Reconciling the positions of buyers and sellers after trades of derivatives and other complex instruments are executed is tough.

Most firms or their fund managers and broker-dealers use largely manual means to communicate what's gone on and deal with the exceptions that don't easily match up. This means that automating the reconciliation process can dramatically lower costs, according to Richard Chapman, director of pre-sales for North America at SunGard Data Systems.

A presentation by Chapman on automating reconciliation of exchange traded derivatives drew a standing-room-only crowd of clearing executives at New York City Day, a series of events held by SunGard prior to the opening of the Securities Industry and Financial Markets Association's Technology Management Conference and Exhibit in New York.

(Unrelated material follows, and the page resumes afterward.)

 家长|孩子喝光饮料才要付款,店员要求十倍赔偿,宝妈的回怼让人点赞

Costs in reconciliations are high, and vary based on volume of transactions and complexities of the exchanges being traded on. However, a financial institution can expect to save 75 to 90 percent of those costs when automating the processes, according to Chapman.

Nonetheless, there could be a cost in moving to automating reconciliation. It's not going to be easy.

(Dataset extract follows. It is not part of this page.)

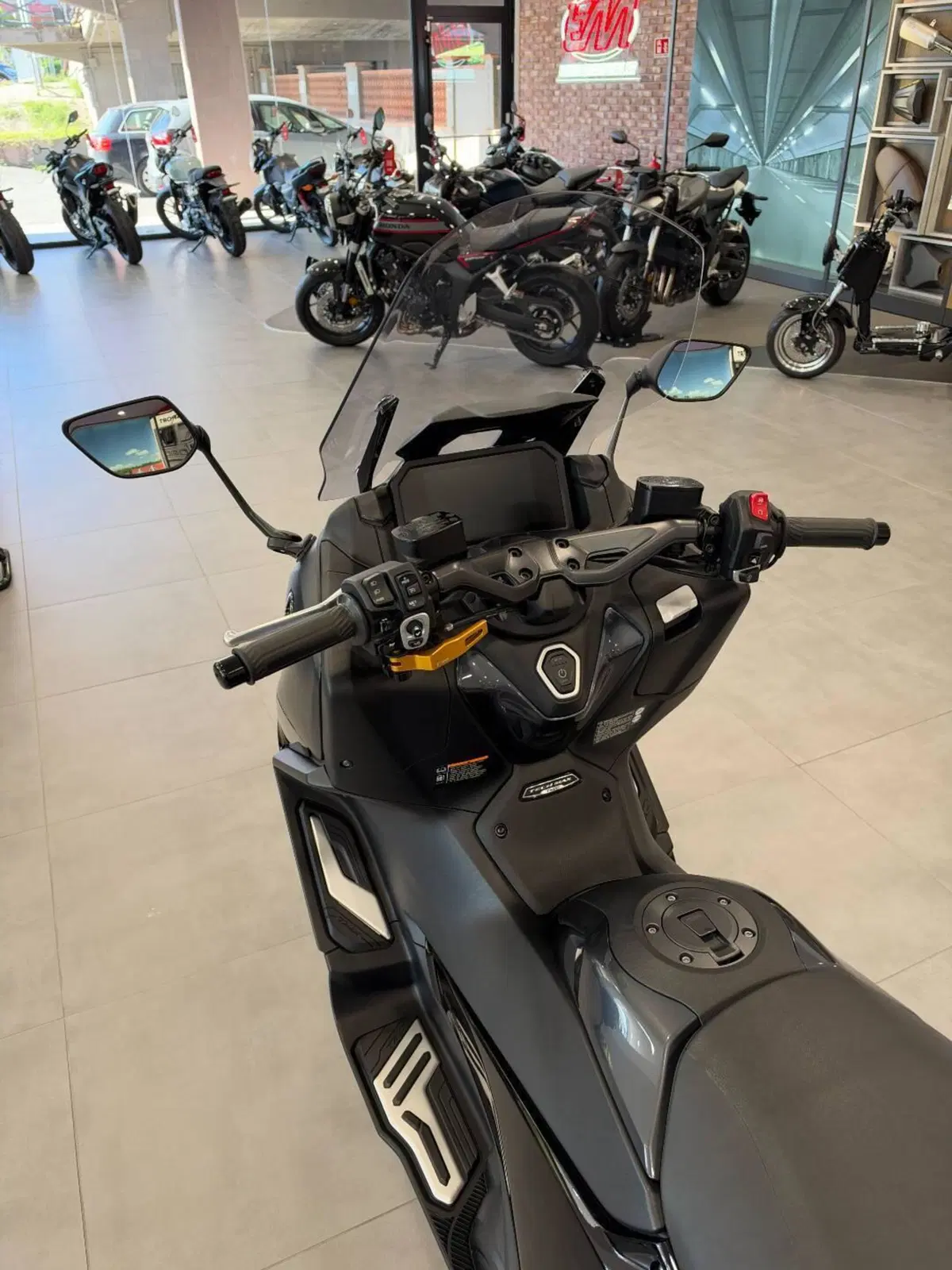 Yamaha T-Max 560 Tech Max (2022 - 24) (9)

The challenges of automation are considerable, Chapman said. They include:

* Multiple feeds of data from any exchange that must be reconciled

* A lack of any industry standard for how exchanges should communicate information about trades and resulting positions * Rapidly increasing volumes of transactions, and volume spikes

* The complexity of transactions, particularly with customized products

* Multiple distinct but related reconciliation streams such as trades, variation margin and positions, that require easily digestible consolidation

* Little or no audit of activities performed during the reconciliation

* No physical control over the reconciliation process

* Low visibility into the rest of the reconciliation environment and the integrity of back office systems involved

Chapman said that in order to achieve automation of financial instruments such as derivatives the information from exchanges and internal systems must be standardized. Then firms need to apply specific workflows on transactions and the logic of matching purchases and sales to make a single reconciliation process possible. "Having consolidated reporting is vital when it comes to reconciliation,'' he said.

SunGard has been working toward creating a single reconciliation process for years. In 2006, SunGard got its first client for reconciling exchange-traded derivatives, Chapman said, and began to build out a system based on the flexibility of its reconciliation tool. The firm created a series of templates for the exchanges involved, such as EUREX and LIFFE, and then developed a library of event workflows to handle the transactional complexities such as Give-Ups, Flips and Position Transfers. The system also provides an equity dashboard that consolidates the streams of reconciliation data on trades, positions, cash and variation margin.

The company packaged its approach two years later. But even then, "it took four man years to build a solution that worked for two exchanges." These were LCH.Clearnet and EUREX.

The tool for reconciling exchanged-traded derivatives is part of IntelliSUITE, a SunGard product line that provides a variety of reconciliation services for different types of securities firms. "We recognize that there is value for specific markets to having pre-configured packages," said Chapman in an interview. "We give clients a tactical solution off a base platform."